O Orador:-Enquanto se centra tudo no panegírico, por vezes um pouco farisaico, da magnitude, como veículo unificador do espaço de lusofonia, de um acordo como este, está a afundar-se no vazio a consideração das sensatas objecções levantadas pelos editores e livreiros, pelos utentes qualificados da língua, pelos escritores, por todos quantos, no jornalismo ou onde quer que seja, quotidianamente, se exprimem no idioma comum.
Nós, PCP, somos a favor de um acordo ortográfico
- dissemo-lo, de modo claro, desde a primeira hora - e adoptámos, em consonância, um atitude de abertura e de grande ponderação: promovemos - fomos o único partido que, enquanto partido, o fez! -, no- âmbito desta Assembleia, dois colóquios com prestigiadas personalidades para o estudo minudente, momento a momento, de cada uma das incidências dos sucessivos articulados conhecidos.

Vozes do PCP: - Muito bem!

O Orador: -Procurámos, em todas as circunstâncias, adequar o nosso juízo, a nossa postura, àquele que poderia ser o melhor contributo para um bom trabalho final. Por isso, antes de mais ninguém, desde há meses, defendemos a reequacionação das bases, que o Sr. Secretário de Estado da Cultura assinou, e a renegociação do Acordo. Por isso, antes de mais ninguém, pugnámos para que se aprovasse um acordo apto a servir o espaço da lusofonia, a dar projecção à língua portuguesa no mundo, tanto como às culturas que ela mediatiza E se esta questão de princípio é, para nós, vital, não menos vitais são as questões de metodologia para atingir um fagueiro desiderato.
Importa, desde já, acentuar que o Governo não poderia ter seguido pior tramitologia. Nós ainda aceitaremos que a Academia das Ciências de Lisboa procurasse laborar no sossego dos gabinetes, com incidência numa base meramente linguística, de alguma forma científica e técnica, mas o que nunca poderíamos ter admitido, e não admitimos, foi que o Governo subtraísse ao debate generalizado as delicadas questões com as quais estamos a operar.
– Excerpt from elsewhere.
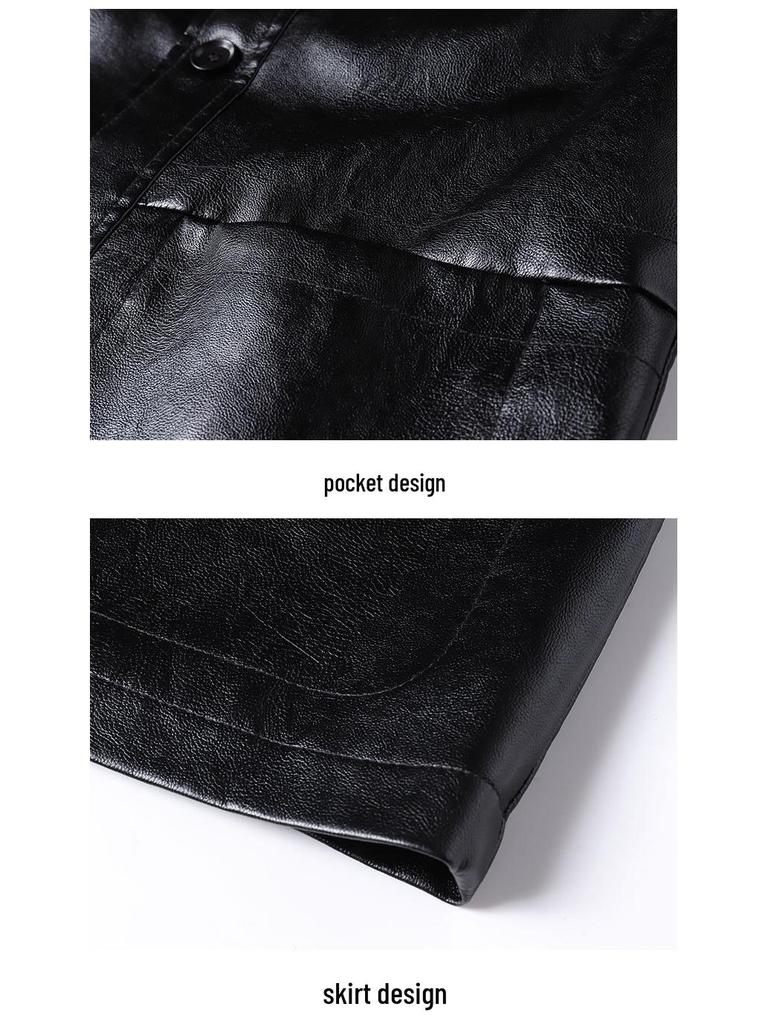 Skórzana Kurtka Męska Duży Rozmiar dla Średniego Wieku i Starszych z Klapami - Wiosna i Jesień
Proclamámos que esta não é a sede de apreciação de algo cuja índole seja ontológica mas gnosiológica. É curial levar o conhecimento a todos os limites. Aprofundar, de toda a maneira, o quadro das problemáticas que se envolvem. A inexistência desse apurar de opiniões, tempestivamente realizável, inquina, de maneira indubitável, a malha normativa a que se chegar, a malha normativa a que se chegou. Não deixaremos, pois, de afirmar, dianteiramente, a nossa frontal oposição às metodologias negociais seguidas.
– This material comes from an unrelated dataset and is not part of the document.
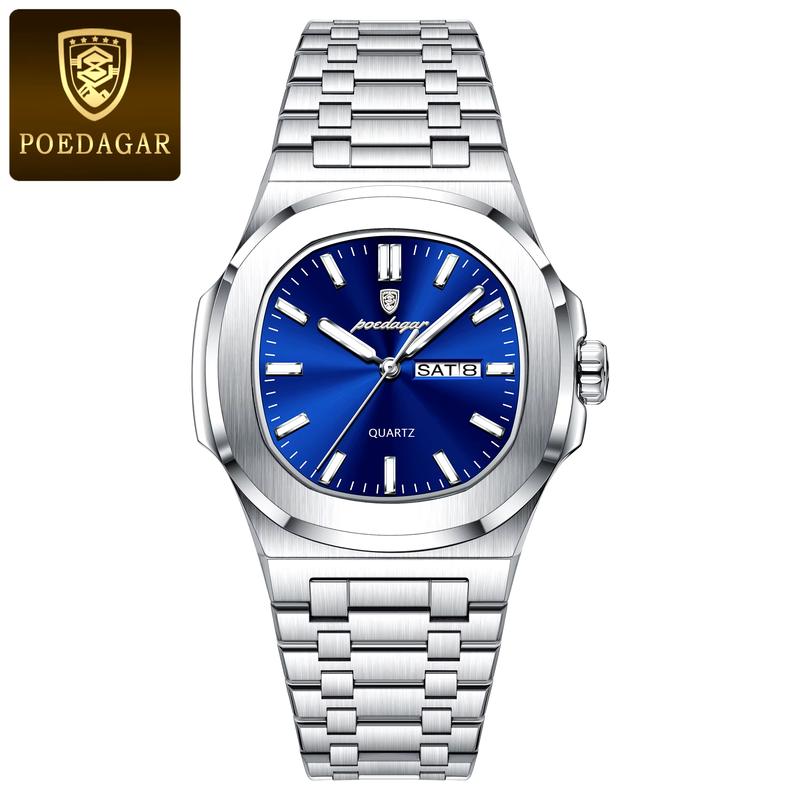 POEDAGAR Luxury Military Man Watch Square Waterproof Luminous Date Week Men Watch Stainless Steel Quartz Men'S Watches Reloj+Box POEDAGAR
Por outro lado, entendemos inaceitável - reitere-se! - a postura da Secretaria de Estado da Cultura, não apenas por se haver, sistematicamente, eximido ao confronto de pontos de vista com os deputados e os agentes culturais, mas por ter adoptado, efectivamente, uma política de sigilo, que nem por se travestir, em algumas instâncias, de uma vaga habilidade, se dissociou de gravosos constrangimentos ao natural e aviventador contraditório que urgia.
Acentuámos, na hora própria, que a ausência de uma política da língua, concebida como um elenco de medidas indispensáveis, concomitantemente - se não mesmo com carácter prévio- ao acto da assinatura de um acordo ortográfico sério, foi dos actos lastimáveis de que se revestiu todo o processo que aqui culmina. Não se estranhará, a tal luz, a génese da já por mim condenada perspectiva do Sr. Secretário de Estado da Cultura, Dr. Santana Lopes: a de que nós podemos aprovar o articulado em agenda- admitindo que nele se incluem incongruências e erros -, dado o carácter não imutável, transitório, do que estabelecemos, dado o carácter livremente revisível do que ratificarmos. A mesma leviandade explica tudo. Preconizamos, pelo contrário, que somos obrigados a produzir, nos limites do nosso conhecimento, em cada patamar histórico, o mais perfeito que formos capazes.